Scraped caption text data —
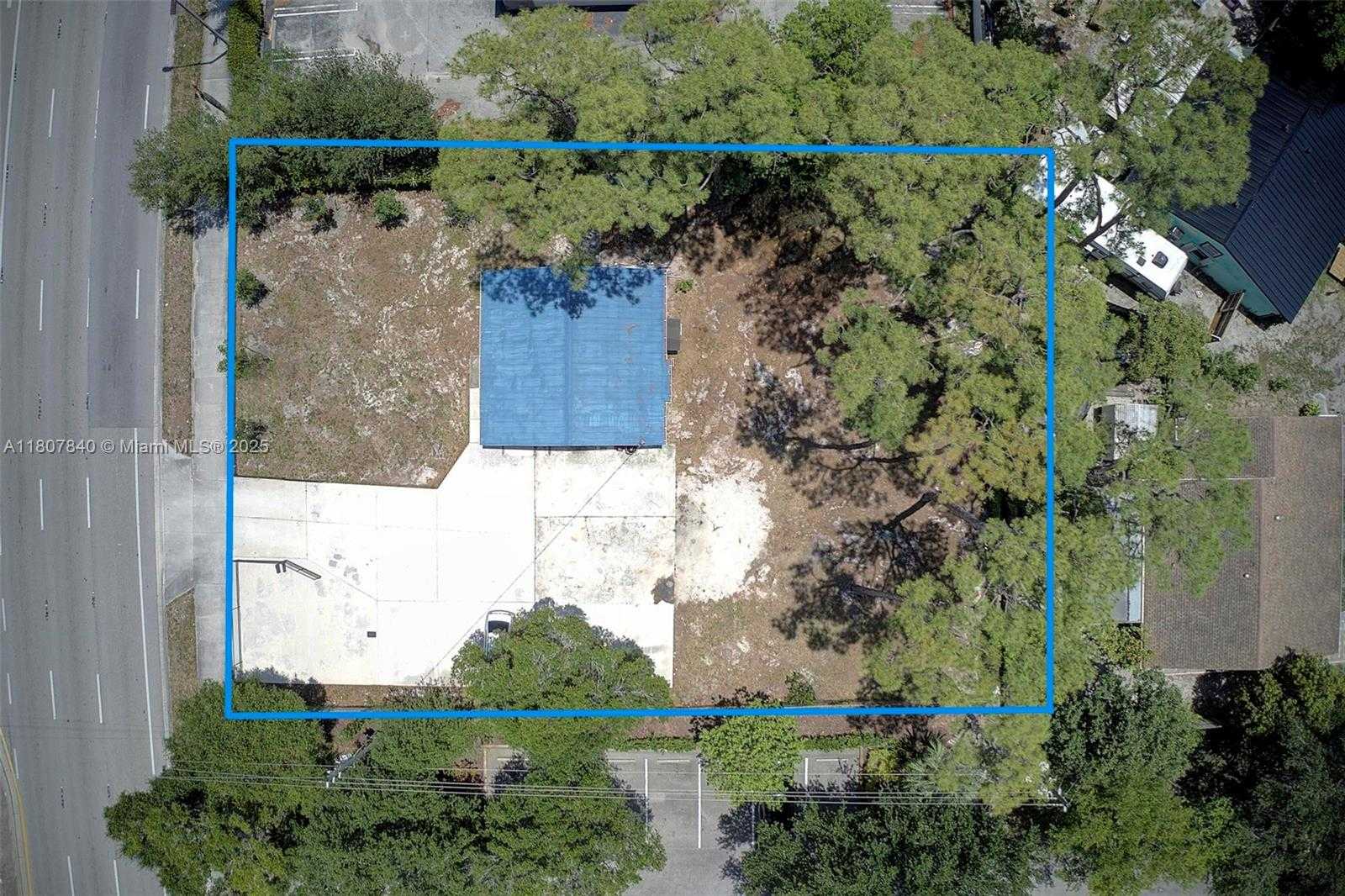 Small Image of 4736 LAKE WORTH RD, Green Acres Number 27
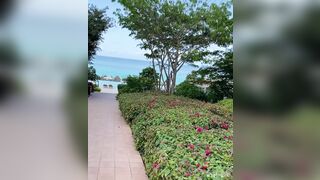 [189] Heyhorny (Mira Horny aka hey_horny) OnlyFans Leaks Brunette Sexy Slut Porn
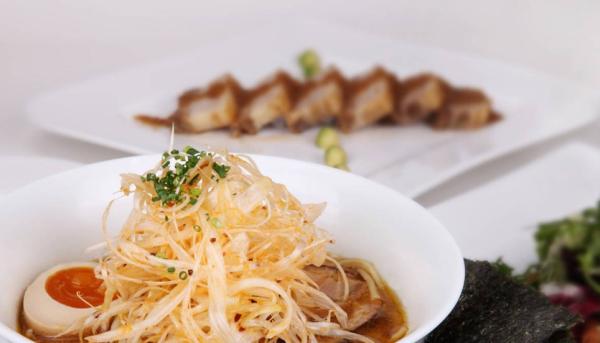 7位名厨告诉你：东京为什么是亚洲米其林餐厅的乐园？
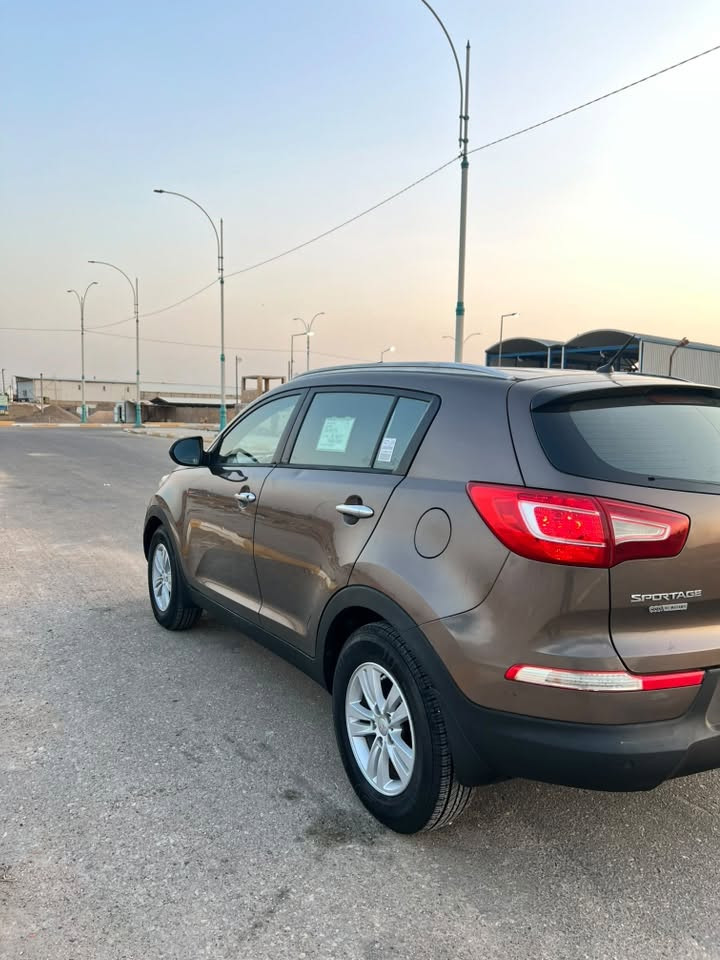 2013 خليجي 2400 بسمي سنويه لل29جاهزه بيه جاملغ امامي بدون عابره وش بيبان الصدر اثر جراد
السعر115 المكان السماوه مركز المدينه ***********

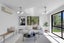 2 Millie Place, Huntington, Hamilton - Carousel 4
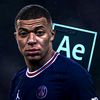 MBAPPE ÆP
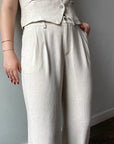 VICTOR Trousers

TRY IT — Nothing but the lines from the one with "2013 خليجي 2400" through the end of the entries above, both included, should be set down, exactly and without pictures.

SOLUTION —
 2013 خليجي 2400 بسمي سنويه لل29جاهزه بيه جاملغ امامي بدون عابره وش بيبان الصدر اثر جراد
السعر115 المكان السماوه مركز المدينه ***********

 2 Millie Place, Huntington, Hamilton - Carousel 4
 MBAPPE ÆP
 VICTOR Trousers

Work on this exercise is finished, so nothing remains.